* [Work instructions] The answer must consist solely of the lines from the one containing "this 845×633 image." to the end of the entries below, repeated exactly.

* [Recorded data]
_ _ _ _ _
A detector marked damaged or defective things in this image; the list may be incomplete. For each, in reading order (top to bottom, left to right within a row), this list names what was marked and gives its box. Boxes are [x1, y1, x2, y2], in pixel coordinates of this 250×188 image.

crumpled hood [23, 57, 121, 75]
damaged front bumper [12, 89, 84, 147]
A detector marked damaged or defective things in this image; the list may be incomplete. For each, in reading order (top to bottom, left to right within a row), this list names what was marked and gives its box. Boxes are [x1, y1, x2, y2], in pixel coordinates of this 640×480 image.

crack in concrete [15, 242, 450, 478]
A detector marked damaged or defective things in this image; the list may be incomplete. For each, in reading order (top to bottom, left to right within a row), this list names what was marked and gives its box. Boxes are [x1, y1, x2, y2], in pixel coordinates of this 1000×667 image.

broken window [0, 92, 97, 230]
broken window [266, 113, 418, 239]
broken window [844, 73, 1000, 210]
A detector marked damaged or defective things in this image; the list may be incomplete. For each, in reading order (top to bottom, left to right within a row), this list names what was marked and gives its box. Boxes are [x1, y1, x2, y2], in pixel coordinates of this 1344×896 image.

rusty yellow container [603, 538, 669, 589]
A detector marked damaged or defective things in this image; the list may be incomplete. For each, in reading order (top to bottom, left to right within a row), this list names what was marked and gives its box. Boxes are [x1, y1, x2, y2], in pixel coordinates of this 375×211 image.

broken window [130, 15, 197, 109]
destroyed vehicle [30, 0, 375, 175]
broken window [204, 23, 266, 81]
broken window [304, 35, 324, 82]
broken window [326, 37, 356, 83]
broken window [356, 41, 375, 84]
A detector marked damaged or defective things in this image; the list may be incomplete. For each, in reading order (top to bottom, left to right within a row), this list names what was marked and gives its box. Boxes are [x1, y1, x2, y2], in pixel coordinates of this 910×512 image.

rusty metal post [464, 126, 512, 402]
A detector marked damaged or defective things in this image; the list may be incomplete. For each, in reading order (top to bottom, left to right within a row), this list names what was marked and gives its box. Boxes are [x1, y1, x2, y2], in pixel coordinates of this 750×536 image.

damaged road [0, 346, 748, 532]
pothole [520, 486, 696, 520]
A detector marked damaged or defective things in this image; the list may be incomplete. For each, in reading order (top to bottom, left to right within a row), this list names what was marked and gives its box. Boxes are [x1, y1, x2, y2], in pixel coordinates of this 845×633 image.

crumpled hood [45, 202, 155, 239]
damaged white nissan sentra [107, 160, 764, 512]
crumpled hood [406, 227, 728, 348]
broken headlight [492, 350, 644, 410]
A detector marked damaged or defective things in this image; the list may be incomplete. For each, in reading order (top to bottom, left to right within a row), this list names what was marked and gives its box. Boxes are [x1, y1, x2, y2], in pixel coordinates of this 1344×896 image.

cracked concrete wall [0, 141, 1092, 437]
_ _ _ _ _
* [Answer to the problem]
A detector marked damaged or defective things in this image; the list may be incomplete. For each, in reading order (top to bottom, left to right within a row), this list names what was marked and gives its box. Boxes are [x1, y1, x2, y2], in pixel coordinates of this 845×633 image.

crumpled hood [45, 202, 155, 239]
damaged white nissan sentra [107, 160, 764, 512]
crumpled hood [406, 227, 728, 348]
broken headlight [492, 350, 644, 410]
A detector marked damaged or defective things in this image; the list may be incomplete. For each, in reading order (top to bottom, left to right within a row), this list names what was marked and gives its box. Boxes are [x1, y1, x2, y2], in pixel coordinates of this 1344×896 image.

cracked concrete wall [0, 141, 1092, 437]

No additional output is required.